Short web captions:
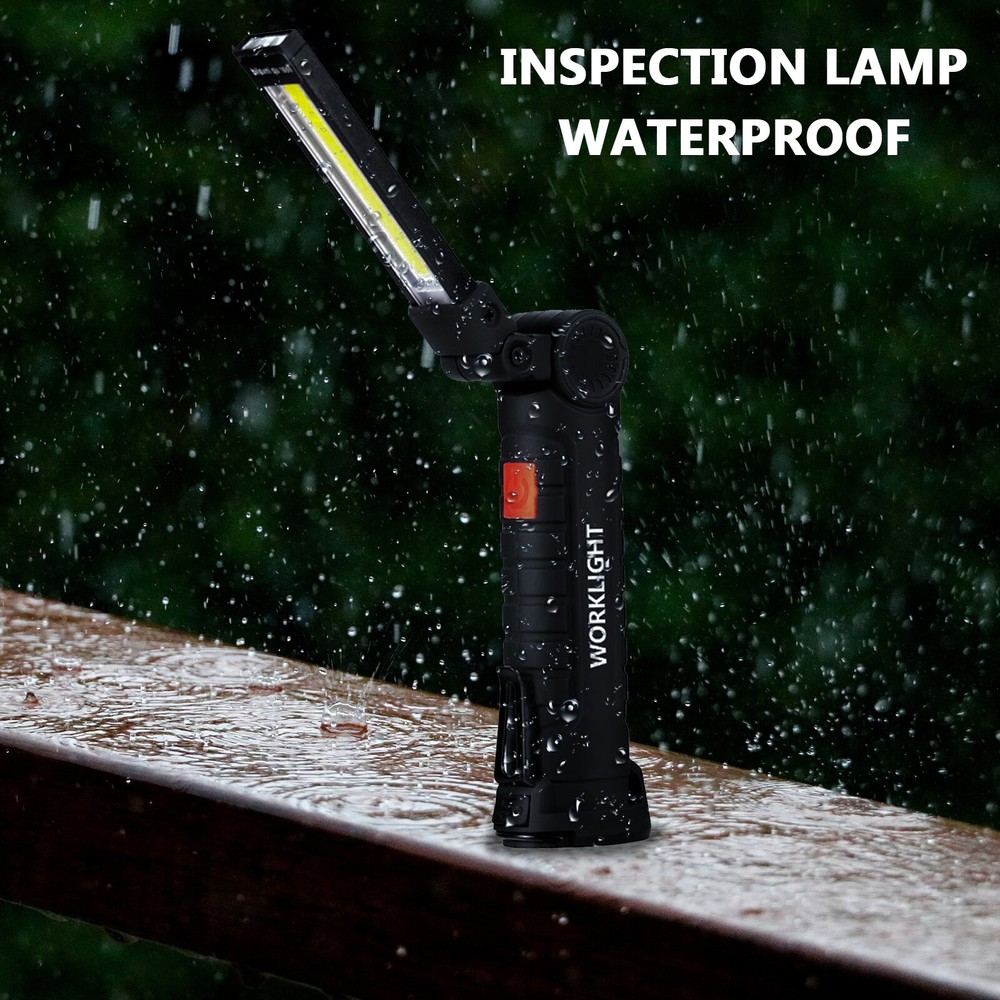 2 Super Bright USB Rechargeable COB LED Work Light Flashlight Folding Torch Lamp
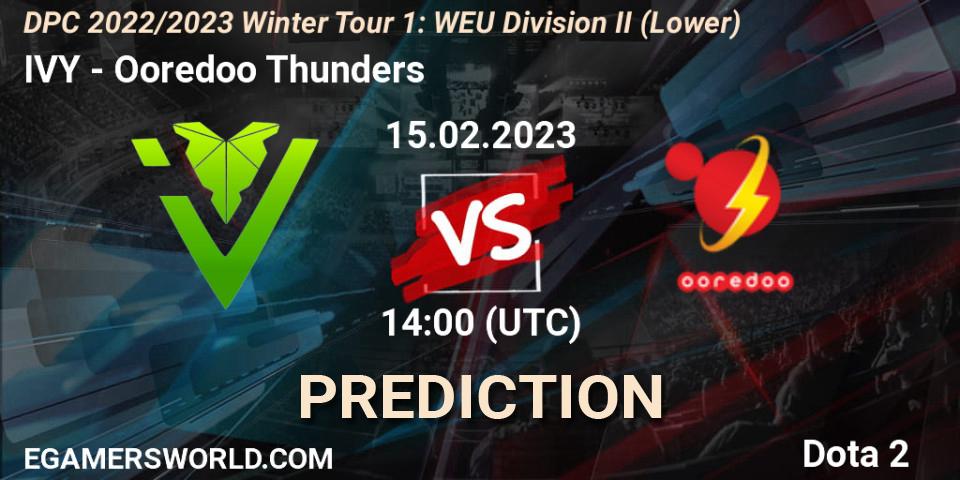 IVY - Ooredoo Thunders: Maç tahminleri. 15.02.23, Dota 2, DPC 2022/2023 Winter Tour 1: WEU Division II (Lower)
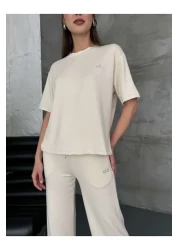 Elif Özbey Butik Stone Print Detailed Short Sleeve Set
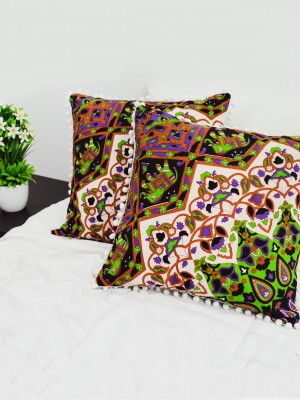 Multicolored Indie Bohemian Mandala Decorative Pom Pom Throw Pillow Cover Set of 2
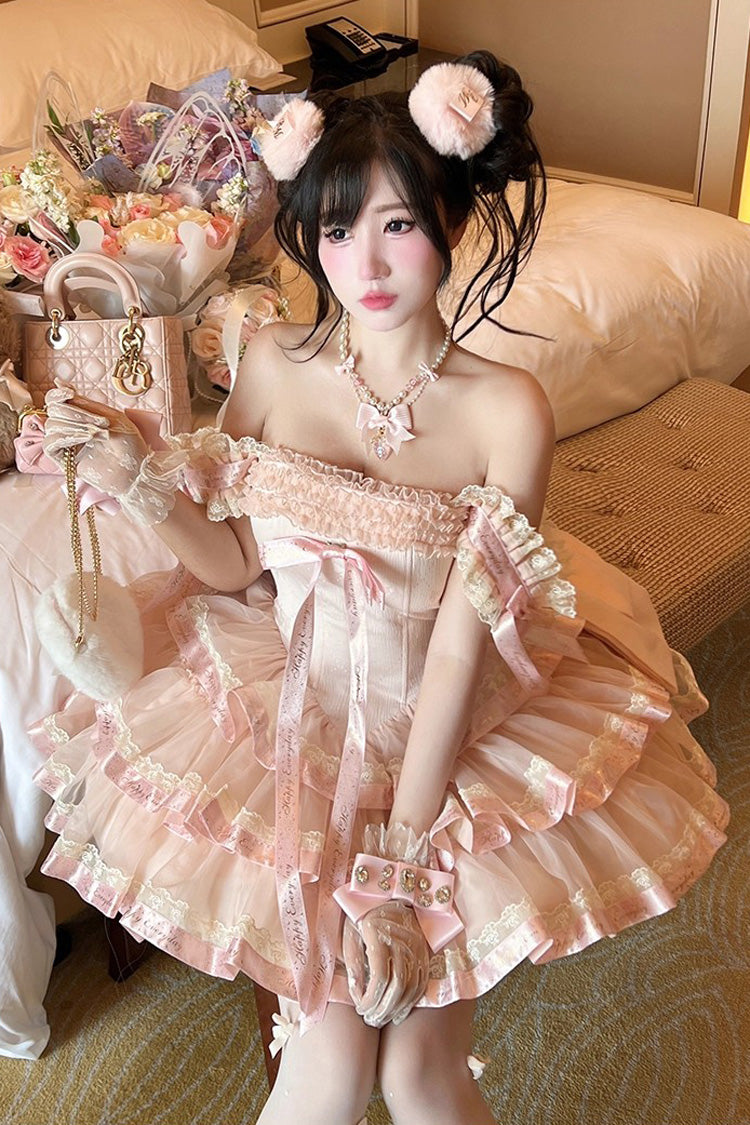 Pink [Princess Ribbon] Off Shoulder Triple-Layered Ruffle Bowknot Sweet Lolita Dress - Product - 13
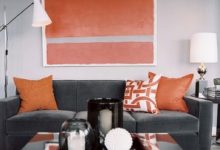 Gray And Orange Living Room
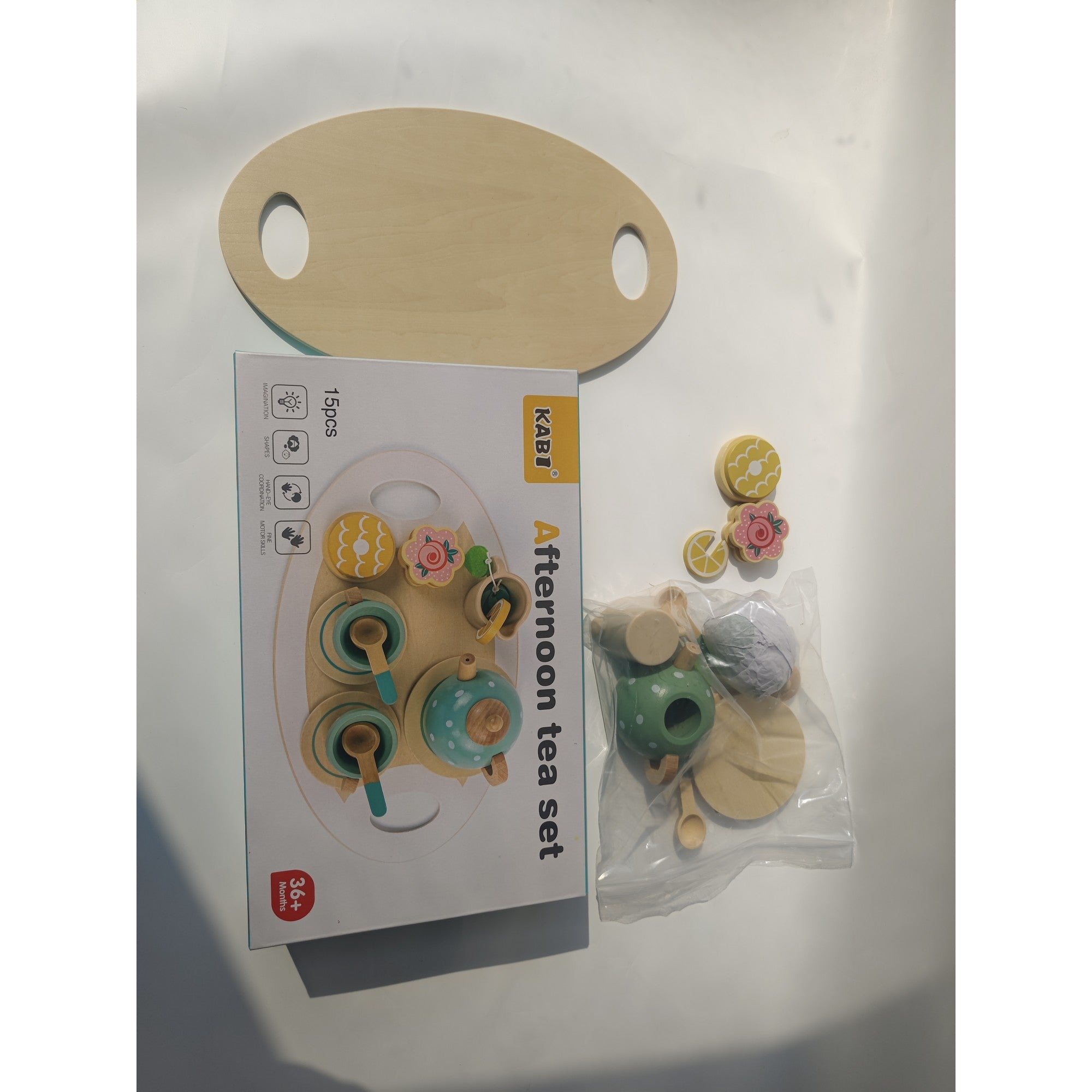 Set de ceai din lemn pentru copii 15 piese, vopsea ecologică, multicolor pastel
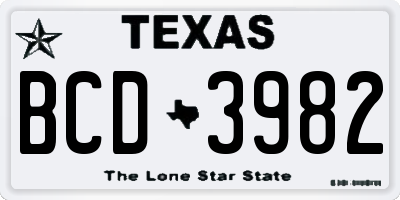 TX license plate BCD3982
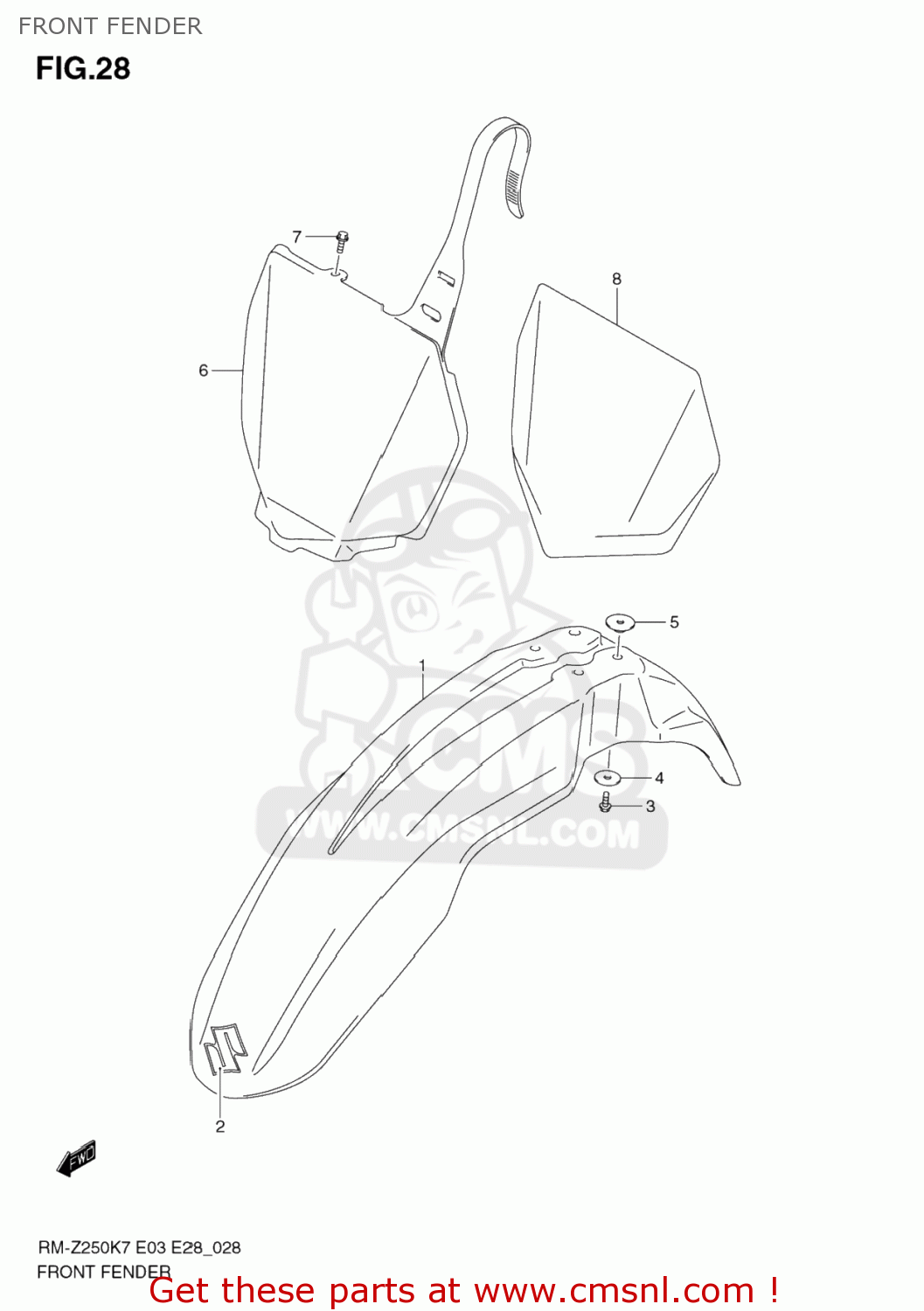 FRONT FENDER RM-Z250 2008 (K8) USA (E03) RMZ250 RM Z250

* _Exercise instructions_
Copy out, exactly and without pictures, each line from the one containing "Pink [Princess Ribbon]" through the final line of the entries, both ends included.

* _Task answer_
 Pink [Princess Ribbon] Off Shoulder Triple-Layered Ruffle Bowknot Sweet Lolita Dress - Product - 13
 Gray And Orange Living Room
 Set de ceai din lemn pentru copii 15 piese, vopsea ecologică, multicolor pastel
 TX license plate BCD3982
 FRONT FENDER RM-Z250 2008 (K8) USA (E03) RMZ250 RM Z250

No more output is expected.